Com a baixinha, a gente tem que sentar e ler. Pegar pela mão e convidá-la para uma viagem pelas letras ou apenas pelas imagens dos livros silenciosos, sempre uma ótima aposta para instigar a curiosidade dos iletrados. Isso dá trabalho. Precisa fazer questão, às vezes até brigar com a televisão, lançar argumentos infalíveis e contar com um autor inspirado, lógico. As prateleiras de livros infantis para ela estão quase rentes ao chão. É o tipo de produto que precisa estar ao alcance das crianças. No meio do caminho, entre nós e os livros, entram não só os atrativos da tecnologia, mas o cansaço, a falta de tempo, a necessidade de dar atenção para todo mundo aqui e agora.
Não basta olhar feliz para a criança que resolve folhear sozinha um livro. Tem que desligar as notificações desnecessárias da tela do celular, sentar e dizer “está na hora da nossa leitura” e não deixar ninguém se intrometer. A exclusividade é o toque especial para coroar esse hábito que, como pais, temos a obrigação de ajudar a construir.
E depois que eles aprenderem a ler, passada a fase inicial de dificuldades, qual será o nosso papel?
Ler junto, de vez em quando, pode apostar. A missão não termina na alfabetização nem quando eles adquirem fluência na leitura. “É legal ler junto, todos saem lucrando. Você se aproxima afetivamente da criança e ela de você. Milhares de coisas não escritas no livro podem ser ditas”, afirma Ariadne.
Ler junto significa levar para dentro de casa o que muita gente acredita ser responsabilidade apenas da escola. Influência é a arte de contagiar esses pequenos aprendizes com nossos hábitos. Apesar de reclamar a falta de um ipad, a verdade é que Carolina, minha filha menor, está cada dia mais ansiosa para ler como todo mundo da casa, pedindo para digitar no computador a frase que eu pretendo escrever quando sento para trabalhar (foi ela que escreveu “enquanto Carolina”). A obra segue em construção.
Letícia propõe que eu leia o livro que ela terminou de ler. Quer saber a minha opinião, conversar comigo sobre a história. Eu também tenho essa curiosidade. Afinal, que tanto ela lê e gosta? Estará entendendo tudo? O significado das novas palavras? O dicionário está lá, ao alcance das mãos, mas querer que a criança o consulte toda hora é exigir demais. Que lições tira das histórias? Se for um livro da minha infância, fica fácil interagir, mas há muitos títulos novos. A demanda é constante e crescente. Mal tenho tempo para dar conta dos títulos e dos autores que me interessam. Que horas vou ler o livro infanto-juvenil que já não se consome numa única tarde de tão grande, eu me pergunto. E o que faço com a outra filha que me cerca em busca de atenção nessa tarde propícia à leitura? Vida em família é assim: pontuada por negociações nem sempre frutíferas. Mas as soluções são sempre individuais, variam de casa para casa, e eis que temos uma chance. É tarde, a pequena ouve histórias do pai no quarto enquanto eu e Letícia sentamos para ler um gibi.

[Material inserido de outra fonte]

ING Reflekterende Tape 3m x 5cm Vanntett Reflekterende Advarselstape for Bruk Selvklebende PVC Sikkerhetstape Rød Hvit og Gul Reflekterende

Estamos lado a lado, ela apoiada no meu ombro. Alternamos os personagens. Seguimos nessa leitura dramatizada e em voz alta. Tenho chance de perguntar se ela entendeu o significado de uma palavra ou outra. Ela fica feliz de me ver rindo das cenas que ela também achou engraçadas. Eis que na última página da revistinha, não encontramos o “fim” mas um “continua”. Ela me olha com os olhos apertados e séria conclui: “Detesto quando isso acontece. Agora vou ter que esperar a revistinha do mês que vem e ainda estamos no início de abril!”
“Putz, é mesmo”, digo, solidária.
Fechamos o gibi. A hora voou, a irmã chegou toda animada e acesa no meu quarto, o pai veio atrás com cara de quem desistiu da empreitada, mas Letícia ainda está com a cumplicidade esculpida no olhar. Sorri, já despreocupada com o fim da história que não veio.
“Adoro ler com você”, digo. “Precisamos fazer mais.”
“Eu também”, ela retruca, sorridente. “Mãe, eu acabei de ler um ótimo livro e posso te emprestar também”, completa, sustentando o assunto, antes que a noite acabe.